Department Director Ellen R. Nelson says she wants to make sure the money is spent in a thoughtful way that maximizes its impact. To that end, Nelson wants to work with the Department of Corrections and the Parole Board to assess the number and types of slots needed, and consult treatment providers about the best way to use the money.
Nelson emphasized that she doesn’t intend to “plan the thing to death,” and hopes the state can buy the additional slots and have them available this fall. “I think we’re going to take a very short and intensive period to analyze the need and the options, and then move forward expeditiously,” she said yesterday. “We’re optimistic that we can do this quickly.”
Neil A. Corkery, executive director of the Drug and Alcohol Treatment Association of Rhode Island, lauded Nelson’s openness to providers’ input, but also urged the state to make the treatment slots available as soon as possible. “There are loads of people who could benefit from this immediately,” he said.
The state prison population reached an all-time high of 3,889 earlier this month, and next year’s budget includes nearly $100 million for prisons. Corrections officials have said 70 percent of inmates at the Adult Correctional Institutions have problems with drug or alcohol abuse, and some inmates who qualify for parole are spending an extra three to four months in prison — at an average per-person cost of $39,000 a year — because there are no open drug-treatment slots and treatment is a condition of their parole. House Finance Committee Chairman Steven M. Costantino, D-Providence, and Senate Majority Leader M. Teresa Paiva Weed, D-Newport, spearheaded the push to include the additional treatment money.
Nelson said her “preliminary assumption” is that $1 million is not enough to meet the demand and ensure that drug treatment is immediately available to parolees who need it, but it is enough to make a big dent in the problem.
Residential treatment for an adult costs $54.83 a day, and the average stay in the program is between 6 and 9 months, so the treatment typically costs $10,000 to $15,000.
The Department of Corrections estimates that there are 35 people at the ACI who could be paroled, but are waiting for a bed to open up in a residential treatment program. Parolees typically need residential, as opposed to outpatient, treatment because the structured setting drastically reduces their chances of regressing into active drug use and ending up back in prison, those involved said.
But people generally don’t go straight from residential treatment to living on their own with no treatment whatsoever, and the intermediate steps carry a cost, too.
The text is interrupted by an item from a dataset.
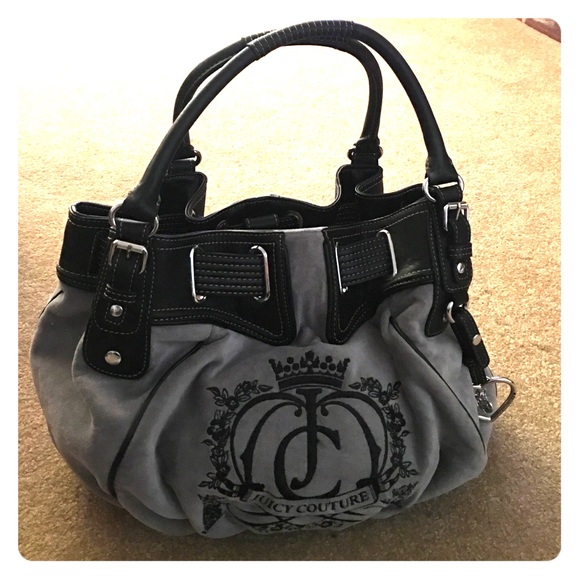 Velour juicy couture purse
Outpatient treatment costs $10.47 a day, and the average stay in the program is 12 weeks. Narcotic maintenance — treatment with methadone, a synthetic drug used to quell cravings for heroin and other opiates — costs $7.95 per person per day, but people stay in the program for years.
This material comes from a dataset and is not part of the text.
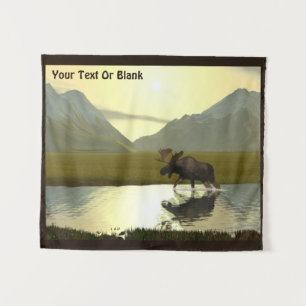 Tenture L'après-midi Moose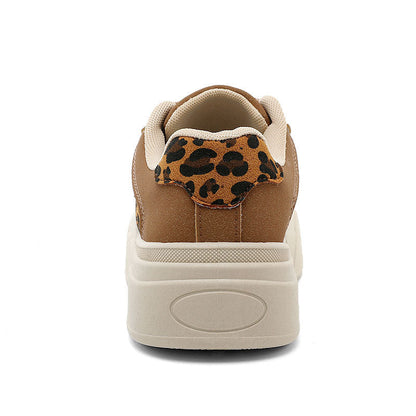 Damen Sneaker Leopardenmuster Chunky Bequem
In all, the state spends $14.5 million a year on contract slots in drug treatment programs. Less than $100,000 of that comes from a federal grant; the rest is state money.
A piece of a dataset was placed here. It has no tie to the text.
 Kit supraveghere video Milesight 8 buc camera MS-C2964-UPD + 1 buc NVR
Nelson said about 4 percent of the slots are generally open at a given time, but people — especially parolees — end up waiting for residential treatment beds because many of the residential facilities place restrictions on who can stay there. Some facilities are for men only or women only; some won’t accept people with a history of violent crime.
Nelson said those concerns will enter into the process, as her department tries to determine what type of beds it needs and to get providers to create them if they don’t exist. Workers will also need to be hired and trained, and Nelson said the state may need to consider raising the rates it pays providers.
Above all, Nelson called the additional money a positive accomplishment in what was, in many ways, a grim budget year. “People understand this is a critical component that can’t be left unattended,” she said. “It has a negative economic impact as well as terrible social consequences.”